Remove the unnecessary regular advantage code in PPO

vwxyzjn / cleanrl

High-quality single file implementation of Deep Reinforcement Learning algorithms with research-friendly features (PPO, DQN, C51, DDPG, TD3, SAC, PPG)

http://docs.cleanrl.dev

Other

5.54k stars 631 forks source link

Remove the unnecessary regular advantage code in PPO #287

Closed bragajj closed 2 years ago

bragajj commented 2 years ago

Description

Resolving issue #207 Unnnecessary ppo code removed, numerical accuracy was ensured by team members through debugger.
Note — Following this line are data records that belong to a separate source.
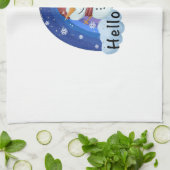 Xmas Geschenk Hallo Winter Geschirrtuch (Gefaltet)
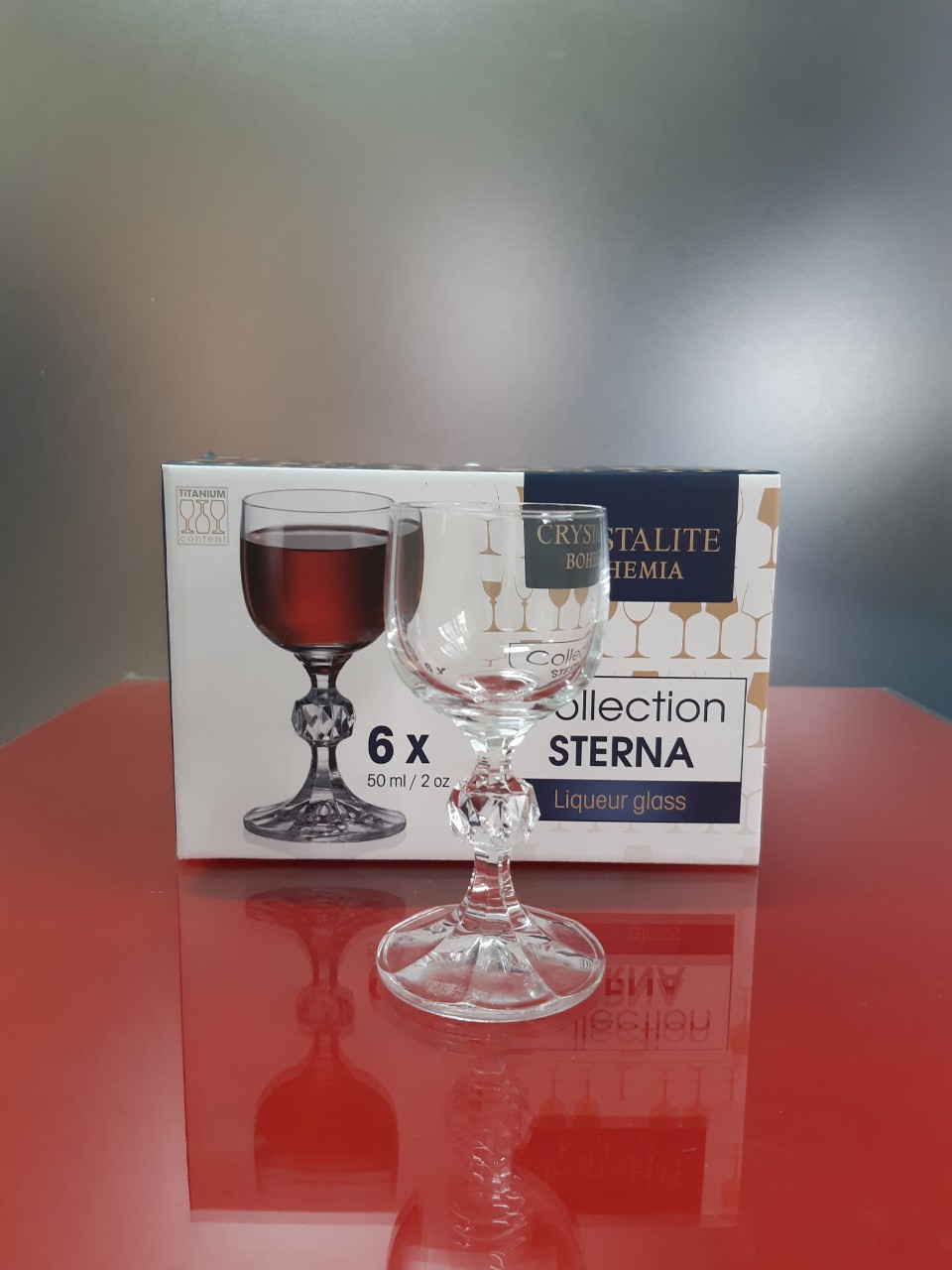 LY PHA LÊ SÉC STERNA LIQUEUR 050ML ( BỘ 6 CHIẾC )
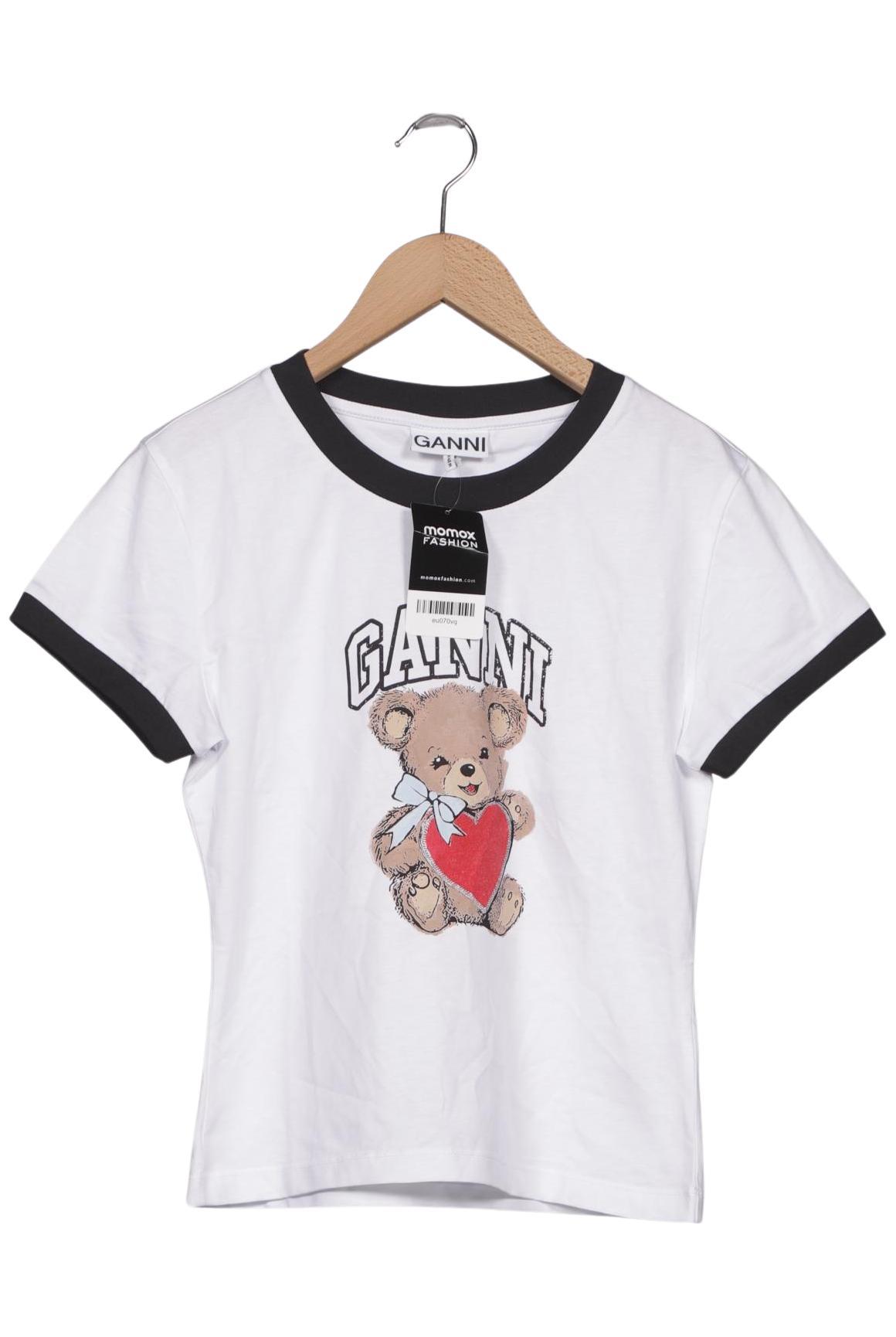 

Ganni Damen T-Shirt, weiß, Gr. 38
Additional runs showing performance without the extra code can be found at the following wandb link: https://wandb.ai/bragajj/ppo_advcalc

Types of changes

[x] Bug fix
[ ] New feature
[ ] New algorithm
[ ] Documentation

Checklist:

[x] I've read the CONTRIBUTION guide (required).
[x] I have ensured pre-commit run --all-files passes (required).

vercel[bot] commented 2 years ago

The latest updates on your projects. Learn more about Vercel for Git ↗︎

Name	Status	Preview	Updated
cleanrl	✅ Ready (Inspect)	Visit Preview	Oct 4, 2022 at 0:52AM (UTC)

vwxyzjn commented 2 years ago

Thanks @bragajj, it looks good. I would also remove the gae flag.

https://github.com/vwxyzjn/cleanrl/blob/49168b87ccfa68573046c1dbd0651361b6c486dd/cleanrl/ppo_atari.py#L58-L59

The --gae flag exists in other scripts as well. If you could do the same for them, that would be great!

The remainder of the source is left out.